Brief descriptive captions:
----------------
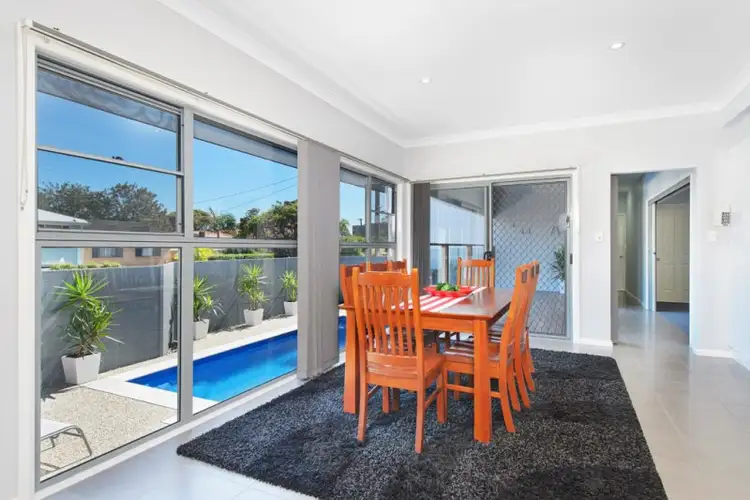 Sixth view of Homely house listing, 3 Leanda Street, Port Macquarie NSW 2444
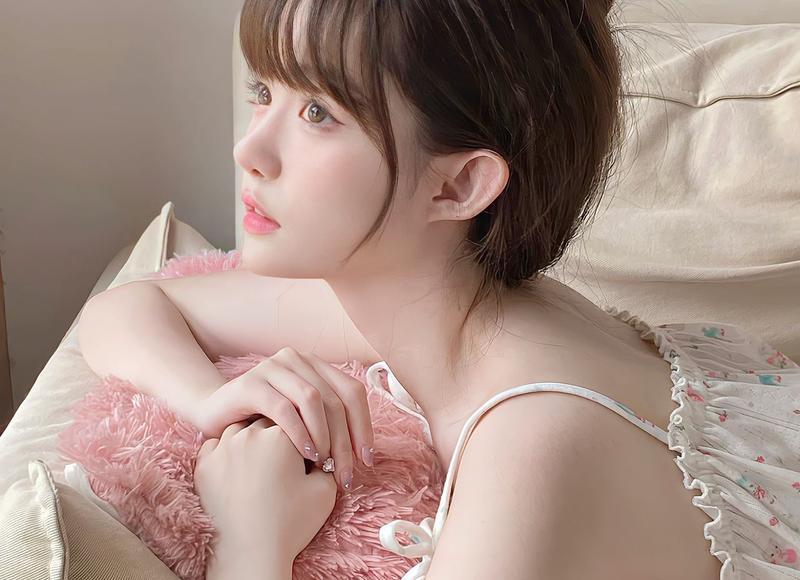 相亲约会必知必会，让你成为抢手货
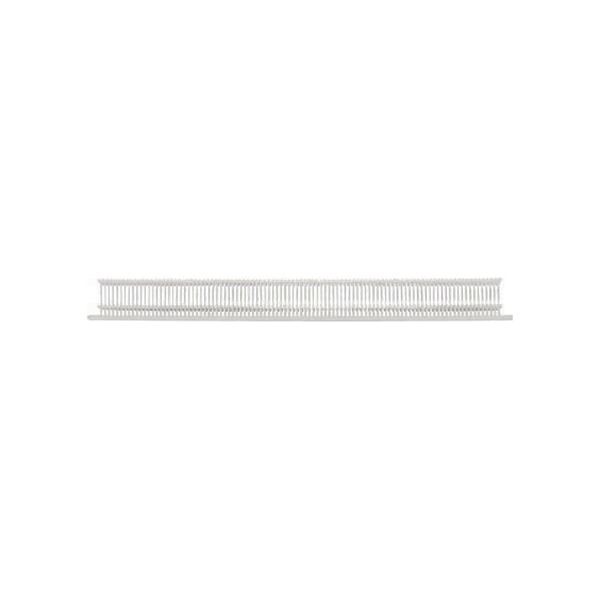 トスカバノック バノック PINUX-7mm UX7 1箱（10000本）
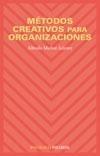 Métodos Creativos para Organizaciones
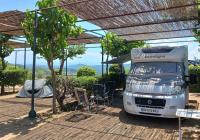 /customerDocs/images/avatars/58925/58925-ORGANIZED CAMPING-ΚΑΜΠΙΝΓΚ-ΑΛΦΕΙΟΣ-ΑΡΧΑΙΑ ΟΛΥΜΠΙΑ-ANCIENT OLYMPIA-LOGO.jpg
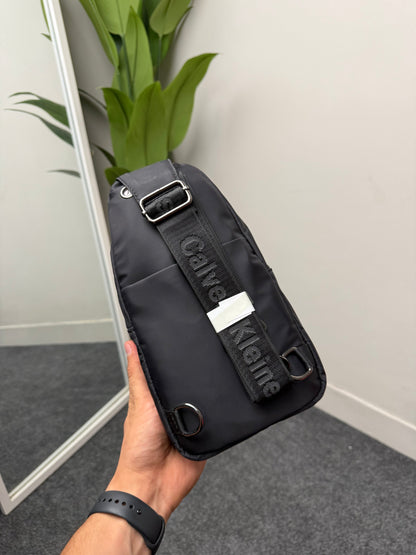 CK CrossBag BG-408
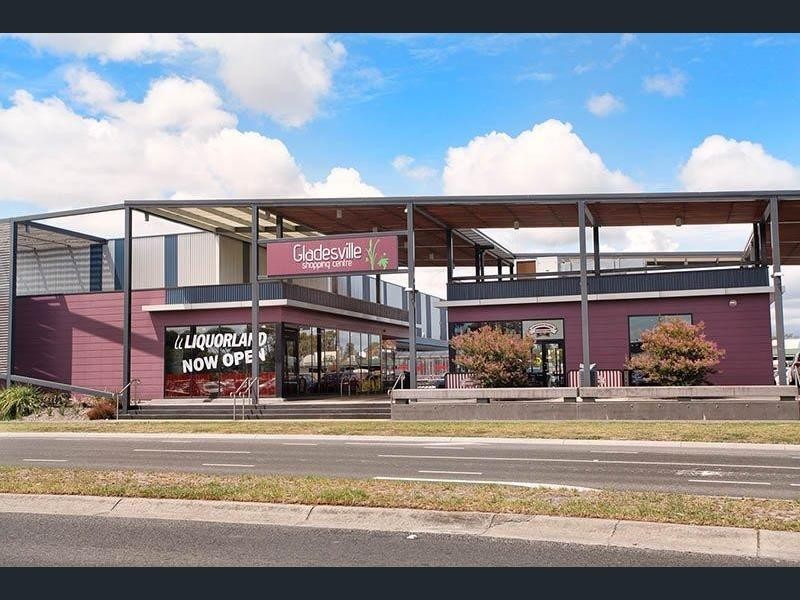 256 Gladesville Boulevard, Patterson Lakes VIC 3197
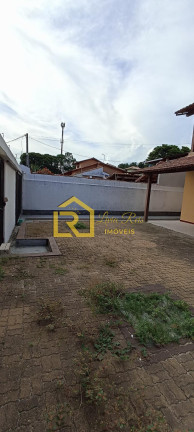Imagem Casa com 4 Quartos à Venda, em Recreio - Rio Das Ostras Imagem Casa com 4 Quartos à Venda, em Recreio - Rio Das Ostras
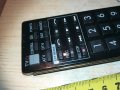 ⭐SHARP 3D AQUOS REMOTE 0205212104, снимка 13
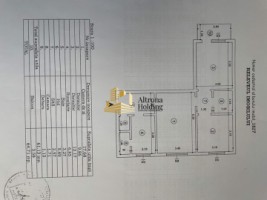 3-camere-tatarasi-65mp-fara-risc-11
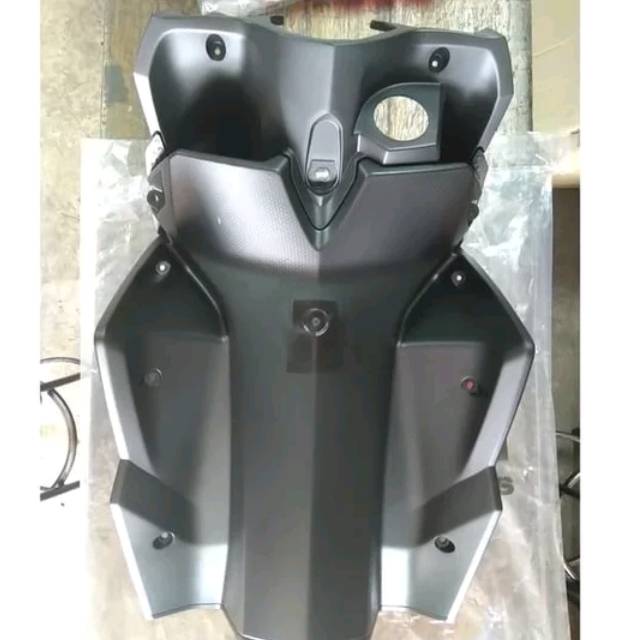 Cover kontak yamaha Mio M3 Mio Z original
----------------
▶ [Assignment]: Exclude all pictures and reproduce verbatim the lines running from the line that contains "CK CrossBag BG-408" to the end of the data above, both ends included.

▶ [Task solution]:
 CK CrossBag BG-408
 256 Gladesville Boulevard, Patterson Lakes VIC 3197
Imagem Casa com 4 Quartos à Venda, em Recreio - Rio Das Ostras Imagem Casa com 4 Quartos à Venda, em Recreio - Rio Das Ostras
 ⭐SHARP 3D AQUOS REMOTE 0205212104, снимка 13
 3-camere-tatarasi-65mp-fara-risc-11
 Cover kontak yamaha Mio M3 Mio Z original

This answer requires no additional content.